§ **Problem statement**
Keep every line in which "Load" occurs and drop the rest of the data.

§ **Materials provided**
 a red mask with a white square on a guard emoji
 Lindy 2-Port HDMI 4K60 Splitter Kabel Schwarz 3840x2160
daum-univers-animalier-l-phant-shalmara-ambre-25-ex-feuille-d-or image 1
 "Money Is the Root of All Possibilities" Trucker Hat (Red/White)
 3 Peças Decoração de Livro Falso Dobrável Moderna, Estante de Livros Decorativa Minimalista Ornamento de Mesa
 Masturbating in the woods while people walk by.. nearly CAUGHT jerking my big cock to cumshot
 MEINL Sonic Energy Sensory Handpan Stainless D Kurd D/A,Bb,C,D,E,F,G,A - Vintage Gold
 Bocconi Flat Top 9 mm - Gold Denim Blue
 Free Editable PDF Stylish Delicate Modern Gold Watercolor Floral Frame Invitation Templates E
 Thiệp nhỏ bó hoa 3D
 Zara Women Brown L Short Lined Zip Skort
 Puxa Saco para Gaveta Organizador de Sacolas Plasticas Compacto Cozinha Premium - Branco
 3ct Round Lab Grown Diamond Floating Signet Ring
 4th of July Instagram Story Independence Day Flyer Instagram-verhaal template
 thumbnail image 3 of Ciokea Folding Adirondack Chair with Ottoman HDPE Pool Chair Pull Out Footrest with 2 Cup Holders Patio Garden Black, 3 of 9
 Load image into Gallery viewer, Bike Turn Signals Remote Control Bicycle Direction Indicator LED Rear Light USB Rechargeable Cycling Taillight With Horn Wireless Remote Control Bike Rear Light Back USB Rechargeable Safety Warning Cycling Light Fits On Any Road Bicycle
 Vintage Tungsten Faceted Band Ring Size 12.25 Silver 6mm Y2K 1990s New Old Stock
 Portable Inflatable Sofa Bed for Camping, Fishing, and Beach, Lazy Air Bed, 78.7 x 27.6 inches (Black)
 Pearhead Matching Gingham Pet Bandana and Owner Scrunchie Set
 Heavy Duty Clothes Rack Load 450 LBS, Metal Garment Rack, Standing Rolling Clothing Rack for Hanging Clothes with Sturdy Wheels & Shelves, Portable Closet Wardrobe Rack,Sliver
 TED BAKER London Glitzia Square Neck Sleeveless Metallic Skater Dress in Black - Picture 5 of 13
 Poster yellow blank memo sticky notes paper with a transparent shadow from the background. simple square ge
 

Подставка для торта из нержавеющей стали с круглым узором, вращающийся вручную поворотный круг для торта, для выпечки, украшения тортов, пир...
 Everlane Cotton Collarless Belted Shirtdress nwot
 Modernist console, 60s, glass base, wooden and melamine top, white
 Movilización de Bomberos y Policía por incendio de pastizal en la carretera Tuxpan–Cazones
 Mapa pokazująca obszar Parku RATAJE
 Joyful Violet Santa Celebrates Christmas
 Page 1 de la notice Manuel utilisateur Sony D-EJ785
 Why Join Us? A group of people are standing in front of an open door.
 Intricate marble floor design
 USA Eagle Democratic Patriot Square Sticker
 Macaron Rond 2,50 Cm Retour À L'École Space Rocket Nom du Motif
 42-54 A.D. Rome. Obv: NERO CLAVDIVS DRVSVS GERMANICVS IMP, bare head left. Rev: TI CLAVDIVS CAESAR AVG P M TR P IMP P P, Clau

§ **Solution for this exercise**
 Load image into Gallery viewer, Bike Turn Signals Remote Control Bicycle Direction Indicator LED Rear Light USB Rechargeable Cycling Taillight With Horn Wireless Remote Control Bike Rear Light Back USB Rechargeable Safety Warning Cycling Light Fits On Any Road Bicycle
 Heavy Duty Clothes Rack Load 450 LBS, Metal Garment Rack, Standing Rolling Clothing Rack for Hanging Clothes with Sturdy Wheels & Shelves, Portable Closet Wardrobe Rack,Sliver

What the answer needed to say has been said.